En la fuente de la cascada, hacemos nuevas fotos aprovechando la luz glauca de una tarde que empieza a declinar. Hundo mis manos en el agua, mientras un petirrojo hace su aparición con el mandil al pecho manchado de naranjas. Tras la inspección, pega un saltito y se marcha a continuar su tarea de menestral de las maderas. Antes de irnos echamos unas fotos, yo apoyado sobre un busto sin cabeza. A lo lejos, el viento hace oscilar las balizas suspendidas en el tendido eléctrico, provocando el susurro de unos labios remotos. Dani desciende apresurado las escaleras del metro camino a las obligaciones que ya le reclaman. Yo marcho lentamente por los senderos que me alejan de esta pequeña patria íntima y vencida a la que no sé si volveré. Porque lo que perdura lo fundan los poetas (otra vez Hölderlin), y está bien que así sea para los que en la medida de sus posibilidades continúan la tarea. Y que esta sea siempre, por encima de todo, una tarea de paz.
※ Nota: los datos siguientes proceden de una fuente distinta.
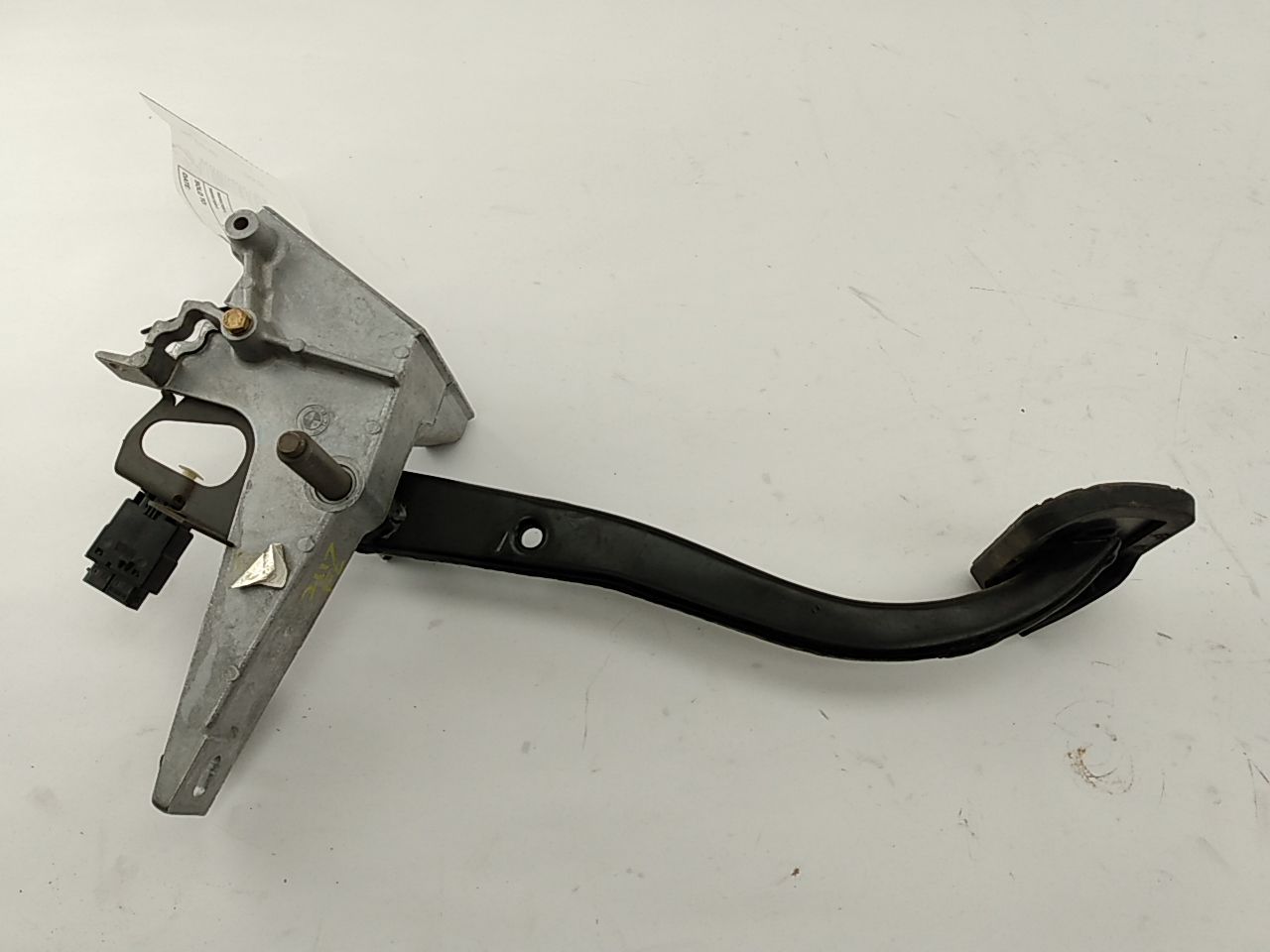 BMW 318i Brake Pedal Assembly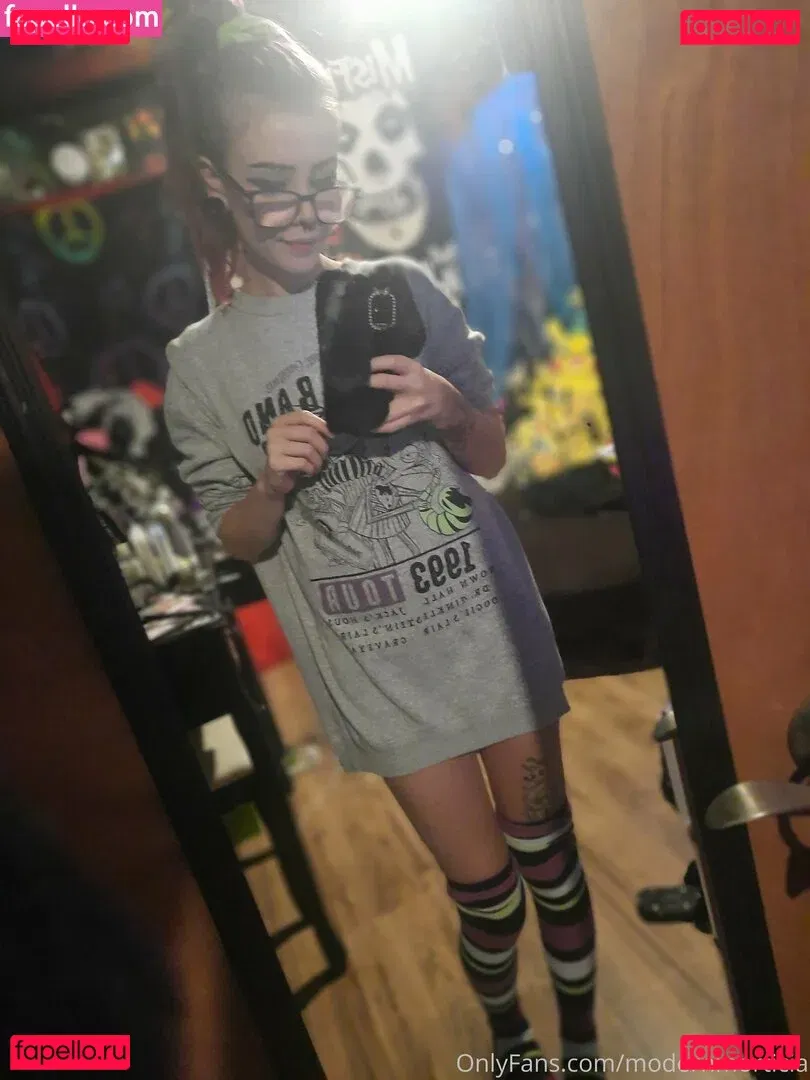 modernmorticia Onlyfans Photo Gallery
Friedrich Hölderlin, Las grandes elegías (trad. Jenaro Talens). Ed. Hiperión, 1980.
Martin Heidegger, Aclaraciones a la poesía de Hölderlin (trad. Helena Cortés y Arturo Leyte). Alianza Editorial, 2005.
Pere Gimferrer, Arde el mar. Ed. Cátedra, 1994.
James Joyce, Dublinesos (trad. Joaquim Mallafré). Ed. Proa, 1988.